#### About this task
Return the listing exactly, please; no pictures.

#### Data extract

------------------------------------------------

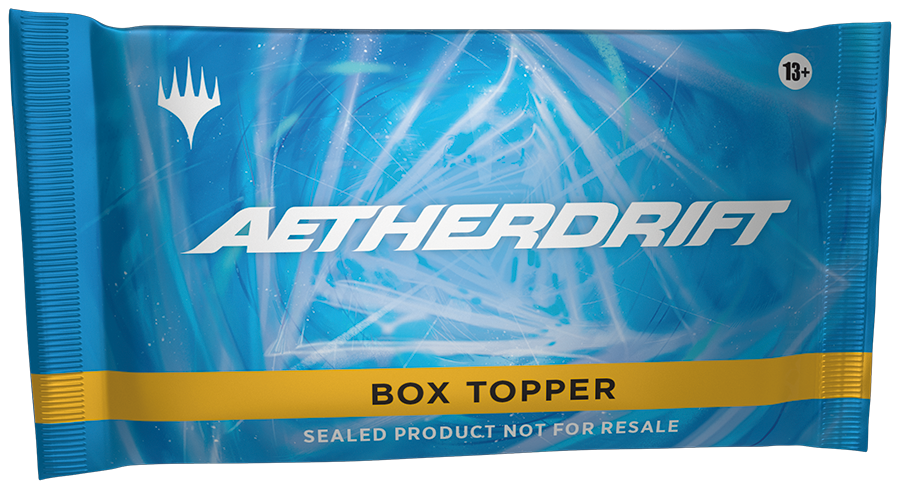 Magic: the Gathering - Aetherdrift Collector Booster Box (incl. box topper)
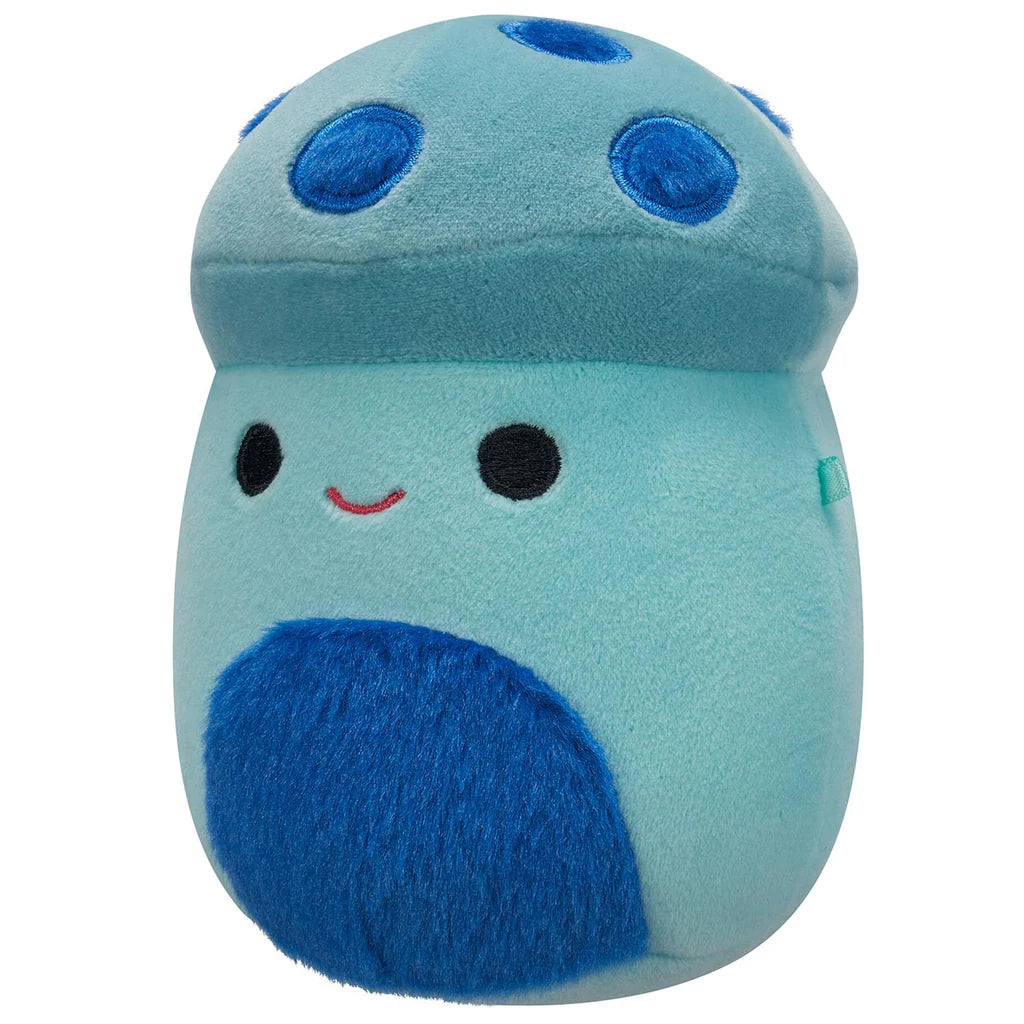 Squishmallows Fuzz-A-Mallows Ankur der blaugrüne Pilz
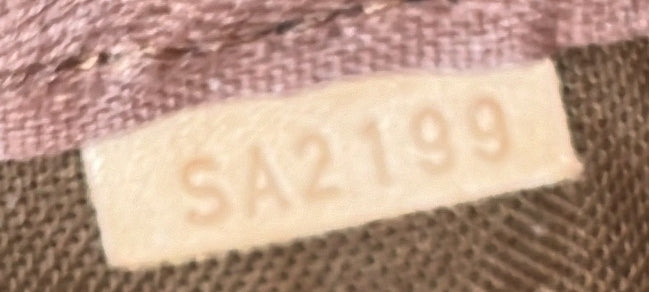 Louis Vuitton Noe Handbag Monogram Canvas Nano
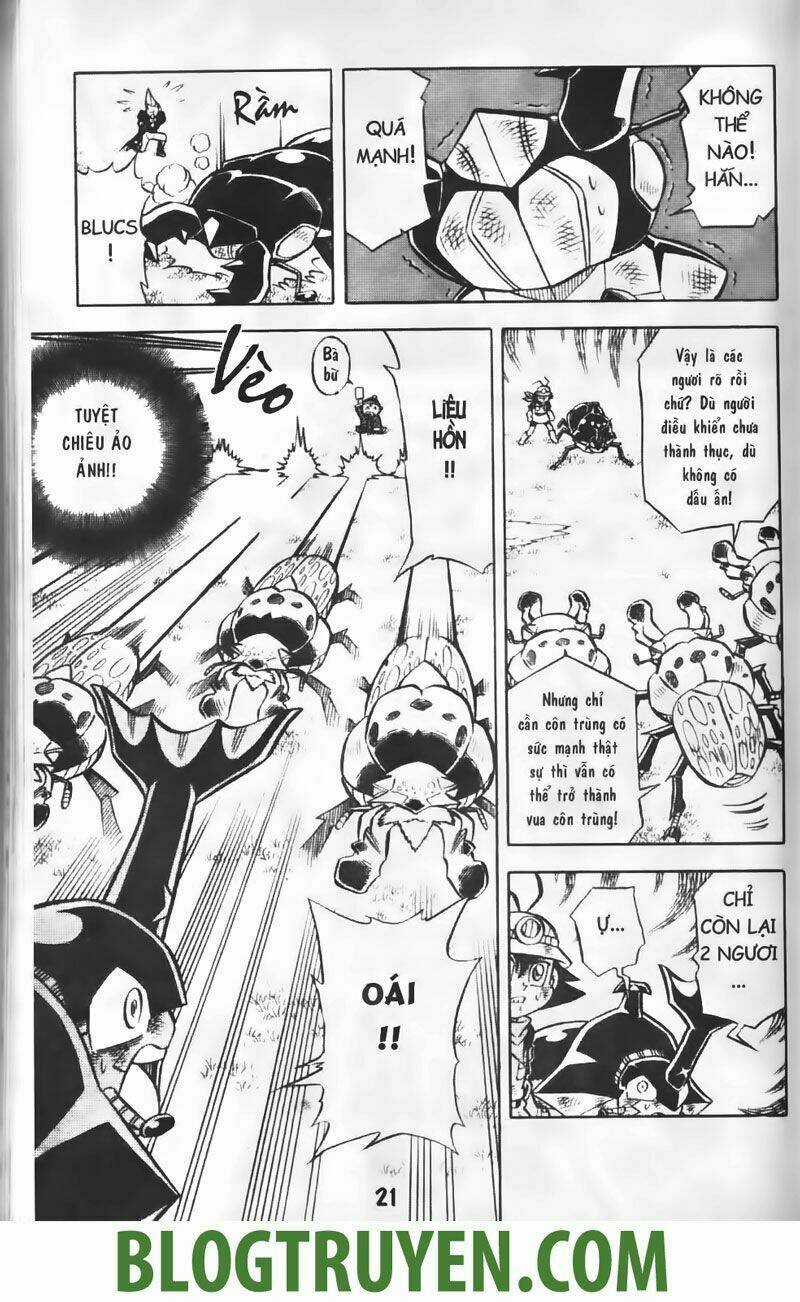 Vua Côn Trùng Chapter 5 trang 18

------------------------------------------------

#### Task response
 Magic: the Gathering - Aetherdrift Collector Booster Box (incl. box topper)
 Squishmallows Fuzz-A-Mallows Ankur der blaugrüne Pilz
 Louis Vuitton Noe Handbag Monogram Canvas Nano
 Vua Côn Trùng Chapter 5 trang 18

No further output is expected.